The great Indian wine war


You might be surprised at a wine article in my aviation blog, but wine is a subject close to my heart.

The convoluted alcoholic beverages policy in India, makes each state, akin to another country, each with their own cumbersome taxes and regulations. The recent collapse of the Doha round of trade talks was not the only failure last month. A trade war is growing between the three wine producing states in India, Maharashtra, Karnataka and Goa, and it is going to send prices of Indian wines up by 46% ~ 100%, in Karnataka. Unfortunately, unlike the world which has the World Trade Organisation, India has no mechanism for settling economic wars between states.

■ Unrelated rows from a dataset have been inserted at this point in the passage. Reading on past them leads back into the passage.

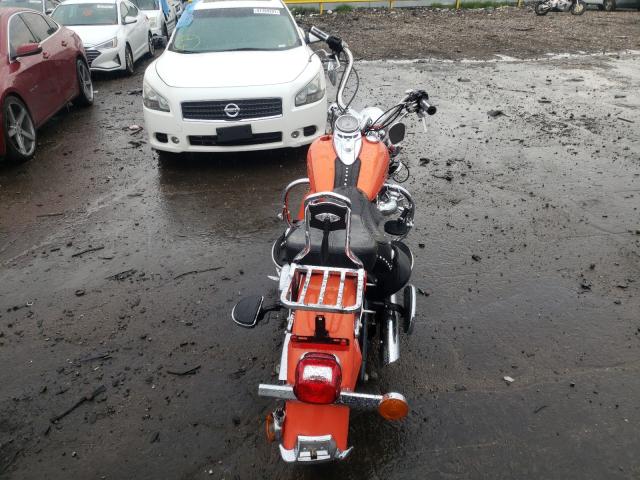 2012 HARLEY-DAVIDSON FLSTC HERI 1HD1BWV18CB036920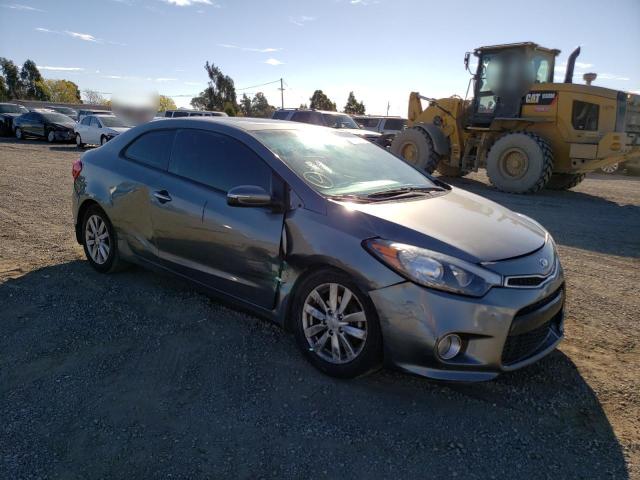 KNAFX6A83F5386368 2015 Kia Forte Ex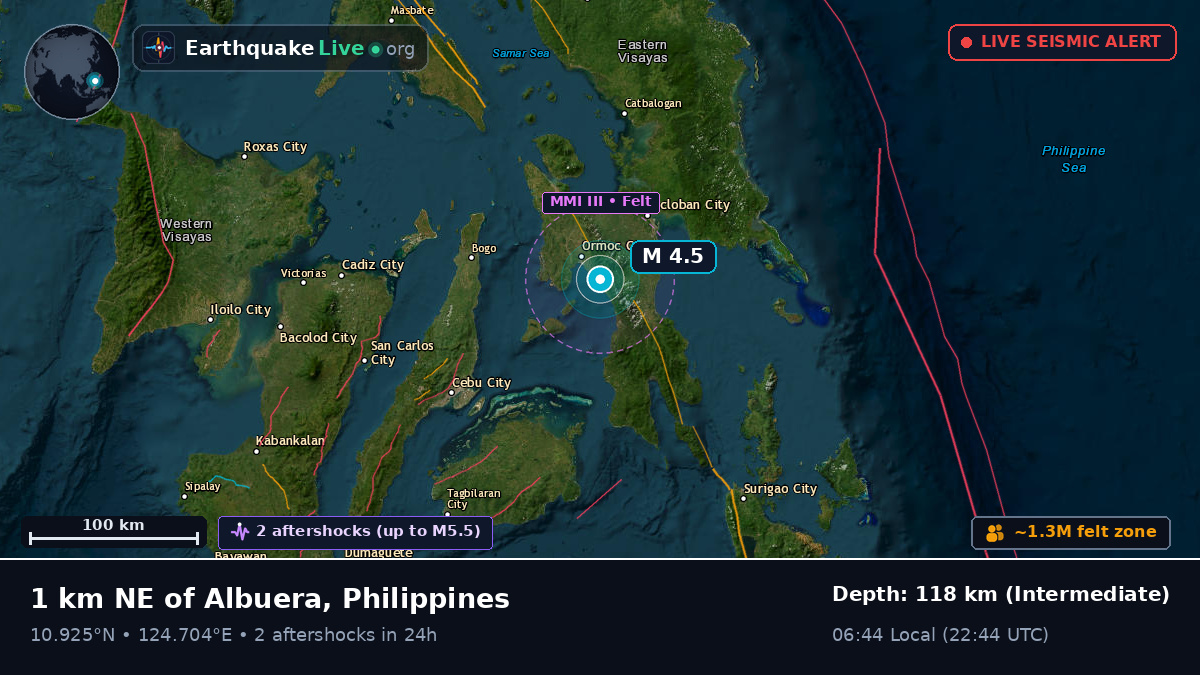 Ormac, Leyte, Philippines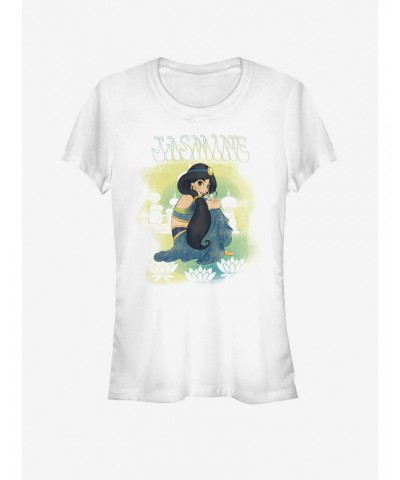 Disney Aladdin Jasmine Girls T-Shirt $7.47 T-Shirts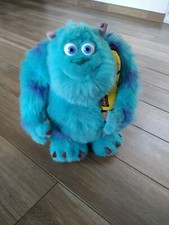 Peluche Parlante Monstre Et Cie Disney Pixar Hasbro 2000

Bangaloreans, along with the rest of India, are increasingly taking to wine as their drink of choice. It is more healthy, low impact, goes great with food, and more fashionable. What ever the reason, the market is growing about 20% year on year. In 2007-8, about 56,225 cases of wine were sold in Karnataka, almost all of it in Bangalore. This does not include the Goan Port “Wines”. As consumers’ wine tastes evolve, they gravitate from the cheap and cheerful variety to the mid-range and higher quality.

Maharashtra is India’s California; the leading producer of wines. About 18 “non-Karnataka”, Indian wine producers, Sula, Indage, Reveilo, Nine Hills, Mandala Valley, Big Banyan, sell their wines in Karnataka. There are two wine producers in Karnataka, Grover and Naka, and about 27 foreign (Non-Indian) wine producers whose products are available in Bangalore.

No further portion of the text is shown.